Scarlett Lopez v. Dakota Ramseur
This text of Scarlett Lopez v. Dakota Ramseur (Scarlett Lopez v. Dakota Ramseur) is published on Counsel Stack Legal Research, covering District Court, W.D. Michigan primary law. Counsel Stack provides free access to over 12 million legal documents including statutes, case law, regulations, and constitutions.
Opinion
UNITED STATES DISTRICT COURT WESTERN DISTRICT OF MICHIGAN
SCARLETT LOPEZ, Case No. 2:26-cv-00008
Plaintiff, Hon. Paul L. Maloney U.S. District Judge v.
DAKOTA RAMSEUR,
Defendant. /
REPORT AND RECOMMENDATION
I. Introduction
Pro se Plaintiff Scarlett Lopez filed this lawsuit against Defendant Dakota Ramseur. ECF No. 1. Plaintiff’s complaint, including signature, is one page in length. Plaintiff alleges that Defendant conspired to violate her due process rights. The complaint states as follows: 1. Upon information and belief, Defendant conspired with individuals in 101013/2022 by having ex parte communication,
2. Defendant is in violation of due process,
3. This Court has jurisdiction under federal law.

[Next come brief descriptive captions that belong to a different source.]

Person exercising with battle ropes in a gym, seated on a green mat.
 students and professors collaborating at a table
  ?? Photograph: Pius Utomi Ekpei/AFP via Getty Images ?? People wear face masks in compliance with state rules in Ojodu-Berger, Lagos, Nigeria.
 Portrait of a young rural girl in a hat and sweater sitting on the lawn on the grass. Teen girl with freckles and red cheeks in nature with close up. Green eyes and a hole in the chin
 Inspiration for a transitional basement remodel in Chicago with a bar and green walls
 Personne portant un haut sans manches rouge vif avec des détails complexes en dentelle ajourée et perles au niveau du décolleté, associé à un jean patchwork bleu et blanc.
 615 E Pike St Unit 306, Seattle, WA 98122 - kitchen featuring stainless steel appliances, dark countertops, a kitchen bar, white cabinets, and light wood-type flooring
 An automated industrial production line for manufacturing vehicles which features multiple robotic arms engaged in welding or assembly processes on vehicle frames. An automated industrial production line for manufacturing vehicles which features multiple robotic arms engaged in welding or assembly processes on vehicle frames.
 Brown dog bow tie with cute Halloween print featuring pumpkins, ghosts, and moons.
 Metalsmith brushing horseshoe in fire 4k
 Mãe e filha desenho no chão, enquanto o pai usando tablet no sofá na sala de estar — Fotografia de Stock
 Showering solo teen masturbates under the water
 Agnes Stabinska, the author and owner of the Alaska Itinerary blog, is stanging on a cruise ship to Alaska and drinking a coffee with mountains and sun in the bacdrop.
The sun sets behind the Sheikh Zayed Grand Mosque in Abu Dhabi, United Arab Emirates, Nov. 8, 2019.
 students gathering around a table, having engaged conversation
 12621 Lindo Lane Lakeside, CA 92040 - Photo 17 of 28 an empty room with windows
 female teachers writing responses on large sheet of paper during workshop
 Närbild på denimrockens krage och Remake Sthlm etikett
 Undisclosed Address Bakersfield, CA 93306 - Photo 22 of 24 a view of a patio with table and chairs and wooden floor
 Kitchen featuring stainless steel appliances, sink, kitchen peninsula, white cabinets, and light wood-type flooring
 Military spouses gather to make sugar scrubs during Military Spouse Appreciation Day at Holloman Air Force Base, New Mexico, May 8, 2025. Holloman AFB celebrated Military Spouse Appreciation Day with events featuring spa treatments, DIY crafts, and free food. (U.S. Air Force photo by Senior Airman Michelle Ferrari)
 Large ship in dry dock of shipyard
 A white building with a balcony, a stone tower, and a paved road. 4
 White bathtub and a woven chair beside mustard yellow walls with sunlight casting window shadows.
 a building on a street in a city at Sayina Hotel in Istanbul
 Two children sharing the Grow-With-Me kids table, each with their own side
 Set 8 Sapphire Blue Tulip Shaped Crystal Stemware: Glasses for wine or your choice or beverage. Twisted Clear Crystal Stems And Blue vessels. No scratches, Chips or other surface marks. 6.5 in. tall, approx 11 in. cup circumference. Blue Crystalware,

4. Plaintiff demands jury on all issues and with compensation not lower than $500,000.
VERIFICATION
The undersigned declares under penalty of perjury that she is the plaintiff in the above action, that she has read the above complaint ‘and\that the information contained in the complaint is true and correct. 28 U.S.C. § = § ae . or Executed on: 1/1/26 yo ECF No. 1. On January 20, 2026, Plaintiff was granted in forma pauperis status. ECF No. 5. II. Standard of Law Under 28 U.S.C. § 1915(e)(2)(B), the court must dismiss any action brought in forma pauperis if the action is (1) frivolous or malicious; (2) fails to state a claim on which relief may be granted; or (3) seeks monetary relief against a defendant who is immune from such relief. A complaint may be dismissed for failure to state a claim if it fails “to give the defendant fair notice of what the... claim is and the grounds upon which it rests.” Bell Atl. Corp. v. Twombly, 550 U.S. 544, 555 (2007) (quoting Conley v. Gibson, 355
U.S. 41, 47 (1957)). While a complaint need not contain detailed factual allegations, a plaintiff’s allegations must include more than labels and conclusions. Id. The court must determine whether the complaint contains “enough facts to state a claim to
relief that is plausible on its face.” Id. at 570. “A claim has facial plausibility when the plaintiff pleads factual content that allows the court to draw the reasonable inference that the defendant is liable for the misconduct alleged.” Ashcroft v. Iqbal, 556 U.S. 662, 679 (2009). Although the plausibility standard is not equivalent to a “probability requirement, . . . it asks for more than a sheer possibility that a defendant has acted unlawfully.” Id. at 678 (quoting Twombly, 550 U.S. at 556). In addition, the Court must read Plaintiff’s pro se complaint indulgently, see
Haines v. Kerner, 404 U.S. 519, 520 (1972), and accept Plaintiff’s allegations as true, unless they are clearly irrational or wholly incredible. Denton v. Hernandez, 504 U.S. 25, 33 (1992). III. Analysis Federal Courts only have jurisdiction when the lawsuit raises a federal question under 28 U.S.C. § 1331, or when the underlying action is within the Court’s
diversity jurisdiction under 28 U.S.C. § 1332. Although Plaintiff raises a due process claim, she asserts no allegations that could support a federal cause of action. Plaintiff merely alleges that her due process rights were violated because of “ex parte” communications. ECF No. 1. Vague and conclusory allegations unsupported by material facts are insufficient. Twombly, 550 U.S. at 565; Fieger v. Cox, 524 F.3d 770, 776 (6th Cir. 2008). Additionally, Plaintiff has failed to assert diversity jurisdiction. Plaintiff’s complaint fails to properly assert jurisdiction and fails to make allegations which could plausibly state a claim for relief. IV. Recommendation
Accordingly, the undersigned respectfully recommends that the Court dismiss the complaint because it is frivolous and fails to state a claim upon which relief may be granted. NOTICE TO PARTIES: Objections to this Report and Recommendation must be served on opposing parties and filed with the Clerk of the Court within fourteen (14) days of receipt of this Report and Recommendation. 28 U.S.C. § 636(b)(1)(C); Fed. R. Civ. P. 72(b); W.D. Mich. LCivR 72.3(b). Failure to file timely objections
constitutes a waiver of any further right to appeal. United States v. Walters, 638 F.2d 947 (6th Cir. 1981). See also Thomas v. Arn, 474 U.S. 140 (1985).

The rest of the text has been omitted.